In this post I am using basic web data extraction combined with ideas and python code from Toby Segaran‘s Programming Collective Intelligence to show a (very) simple Twitter user similarity mechanism.

Generating a list of users

There are lots of ways of putting together a list of Twitter users. If you’re on Twitter, you could use the list of your followers or the list of those you are following. You could extract user names from a list of search results, the public timeline or a twitter directory. There are lots of options. The following code uses a regular expression to extract the user names from a wefollow page.

import re
import urllib
 
def getWefollowTwitterUsers(category = "tech"):
        users = []
        url = "http://wefollow.com/twitter/"
        url += category
        html = urllib.urlopen(url).read()
        users = re.findall("""nofollow">(.*?)</a></strong>""", html)
        return users
 
if __name__ == "__main__":
        print getWefollowTwitterUsers()
 
Output:
['kevinrose', 'google', 'LeoLaporte', 'mashable', 'TechCrunch', 'Veronica', 
'alexalbrecht', 'ev', 'patricknorton', 'Scobleizer', 'woot', 'ijustine', 'timoreilly', 
'guykawasaki', 'engadget', 'CaliLewis', 'chrispirillo', 'wired', 'ryan', 'sarahlane', 
'ambermac', 'ginatrapani', 'tferriss', 'fforward', 'mollywood']

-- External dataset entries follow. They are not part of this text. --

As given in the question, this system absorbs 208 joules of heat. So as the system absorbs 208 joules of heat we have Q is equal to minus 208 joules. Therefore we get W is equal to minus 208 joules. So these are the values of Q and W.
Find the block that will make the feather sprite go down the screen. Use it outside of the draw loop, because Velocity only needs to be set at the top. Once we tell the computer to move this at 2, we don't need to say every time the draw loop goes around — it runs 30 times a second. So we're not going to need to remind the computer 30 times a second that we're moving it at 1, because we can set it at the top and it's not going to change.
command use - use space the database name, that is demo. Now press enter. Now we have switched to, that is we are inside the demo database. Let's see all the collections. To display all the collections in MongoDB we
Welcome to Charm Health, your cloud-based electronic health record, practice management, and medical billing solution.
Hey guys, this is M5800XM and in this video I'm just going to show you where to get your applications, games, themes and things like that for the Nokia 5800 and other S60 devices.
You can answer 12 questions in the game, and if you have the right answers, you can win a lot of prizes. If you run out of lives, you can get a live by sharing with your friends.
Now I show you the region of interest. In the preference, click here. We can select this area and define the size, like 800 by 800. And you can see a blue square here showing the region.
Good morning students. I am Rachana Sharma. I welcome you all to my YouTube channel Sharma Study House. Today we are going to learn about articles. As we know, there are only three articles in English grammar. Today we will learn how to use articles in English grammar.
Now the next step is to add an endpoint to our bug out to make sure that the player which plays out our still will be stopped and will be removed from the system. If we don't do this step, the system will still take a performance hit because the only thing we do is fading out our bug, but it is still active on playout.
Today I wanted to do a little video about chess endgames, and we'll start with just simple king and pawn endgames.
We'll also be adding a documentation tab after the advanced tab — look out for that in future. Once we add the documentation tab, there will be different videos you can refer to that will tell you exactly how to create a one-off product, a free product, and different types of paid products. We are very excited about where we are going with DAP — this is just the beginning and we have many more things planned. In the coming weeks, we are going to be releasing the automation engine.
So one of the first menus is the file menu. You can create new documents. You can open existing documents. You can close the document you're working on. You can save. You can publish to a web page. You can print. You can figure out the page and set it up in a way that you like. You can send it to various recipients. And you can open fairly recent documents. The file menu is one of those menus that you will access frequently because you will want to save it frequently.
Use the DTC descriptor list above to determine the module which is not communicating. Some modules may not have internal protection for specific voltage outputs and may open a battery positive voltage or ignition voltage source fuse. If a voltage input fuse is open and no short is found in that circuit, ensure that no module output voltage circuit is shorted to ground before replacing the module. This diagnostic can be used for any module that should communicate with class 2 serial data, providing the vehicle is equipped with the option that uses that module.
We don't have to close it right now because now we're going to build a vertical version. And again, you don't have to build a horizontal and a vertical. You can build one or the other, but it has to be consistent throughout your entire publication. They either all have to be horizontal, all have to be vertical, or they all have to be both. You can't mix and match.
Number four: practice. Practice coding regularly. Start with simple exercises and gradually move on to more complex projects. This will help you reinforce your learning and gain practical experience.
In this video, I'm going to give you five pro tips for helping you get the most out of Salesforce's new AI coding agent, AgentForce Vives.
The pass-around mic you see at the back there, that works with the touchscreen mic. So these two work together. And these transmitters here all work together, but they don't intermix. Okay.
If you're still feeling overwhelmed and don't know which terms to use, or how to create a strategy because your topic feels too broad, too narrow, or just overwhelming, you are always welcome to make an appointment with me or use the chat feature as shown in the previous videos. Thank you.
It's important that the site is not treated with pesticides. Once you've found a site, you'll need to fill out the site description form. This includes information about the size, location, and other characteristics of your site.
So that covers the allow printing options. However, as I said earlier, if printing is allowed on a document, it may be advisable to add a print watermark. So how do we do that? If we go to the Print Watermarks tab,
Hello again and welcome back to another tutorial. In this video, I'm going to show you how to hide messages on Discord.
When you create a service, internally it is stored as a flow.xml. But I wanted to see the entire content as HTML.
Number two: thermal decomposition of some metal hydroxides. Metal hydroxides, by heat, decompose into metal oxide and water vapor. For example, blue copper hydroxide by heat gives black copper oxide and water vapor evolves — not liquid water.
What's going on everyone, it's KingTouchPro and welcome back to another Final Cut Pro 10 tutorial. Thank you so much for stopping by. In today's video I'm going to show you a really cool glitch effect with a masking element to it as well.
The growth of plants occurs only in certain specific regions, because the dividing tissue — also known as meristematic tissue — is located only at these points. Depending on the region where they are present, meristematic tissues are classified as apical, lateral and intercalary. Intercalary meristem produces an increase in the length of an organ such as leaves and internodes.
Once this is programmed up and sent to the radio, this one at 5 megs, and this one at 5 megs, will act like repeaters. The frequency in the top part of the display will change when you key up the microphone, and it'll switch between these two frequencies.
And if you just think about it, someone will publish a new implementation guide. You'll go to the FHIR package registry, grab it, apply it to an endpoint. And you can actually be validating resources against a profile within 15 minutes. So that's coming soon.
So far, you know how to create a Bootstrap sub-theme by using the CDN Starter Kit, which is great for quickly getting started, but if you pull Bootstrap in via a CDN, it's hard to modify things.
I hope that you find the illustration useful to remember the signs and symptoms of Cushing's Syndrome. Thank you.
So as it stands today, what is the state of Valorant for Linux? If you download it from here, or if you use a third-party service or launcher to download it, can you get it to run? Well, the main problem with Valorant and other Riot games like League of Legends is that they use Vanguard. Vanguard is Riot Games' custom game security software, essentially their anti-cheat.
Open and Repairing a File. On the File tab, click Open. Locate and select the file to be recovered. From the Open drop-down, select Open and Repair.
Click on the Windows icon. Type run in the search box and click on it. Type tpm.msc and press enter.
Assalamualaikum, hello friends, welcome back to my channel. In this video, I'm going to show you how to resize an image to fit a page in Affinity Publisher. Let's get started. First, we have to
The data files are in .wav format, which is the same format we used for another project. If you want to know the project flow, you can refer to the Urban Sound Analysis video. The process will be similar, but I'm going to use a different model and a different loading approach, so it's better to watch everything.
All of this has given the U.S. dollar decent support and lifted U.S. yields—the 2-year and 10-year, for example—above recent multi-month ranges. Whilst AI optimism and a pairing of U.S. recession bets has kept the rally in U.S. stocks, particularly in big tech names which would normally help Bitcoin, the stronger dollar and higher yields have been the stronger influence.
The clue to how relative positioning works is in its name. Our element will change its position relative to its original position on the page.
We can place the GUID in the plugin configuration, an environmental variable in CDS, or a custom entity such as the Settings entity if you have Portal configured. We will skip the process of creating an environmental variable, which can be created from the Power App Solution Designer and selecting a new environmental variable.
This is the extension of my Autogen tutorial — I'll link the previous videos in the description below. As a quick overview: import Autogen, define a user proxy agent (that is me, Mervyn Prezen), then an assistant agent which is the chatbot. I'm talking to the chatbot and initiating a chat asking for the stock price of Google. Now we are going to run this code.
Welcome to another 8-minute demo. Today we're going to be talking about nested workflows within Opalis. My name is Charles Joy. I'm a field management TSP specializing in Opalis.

Retrieving a list of messages for each user

Each user’s messages are available in an RSS feed of the format http://twitter.com/statuses/user_timeline/.rss?count=[1..200]. The count parameter is optional and controls the maximum number of messages contained in the feed. The following code uses Universal Feed Parser to extract the entries from the data feed.

import feedparser
 
# [...]
 
def getUserMessages(user):
        url = "http://twitter.com/statuses/user_timeline/" + user + ".rss?count=200"
        feed_data = feedparser.parse(url)
        return feed_data.get("entries", [])

Generating keyword scores

The following code goes through a user’s messages, breaks them into fragments and counts the number of instances for each encountered word.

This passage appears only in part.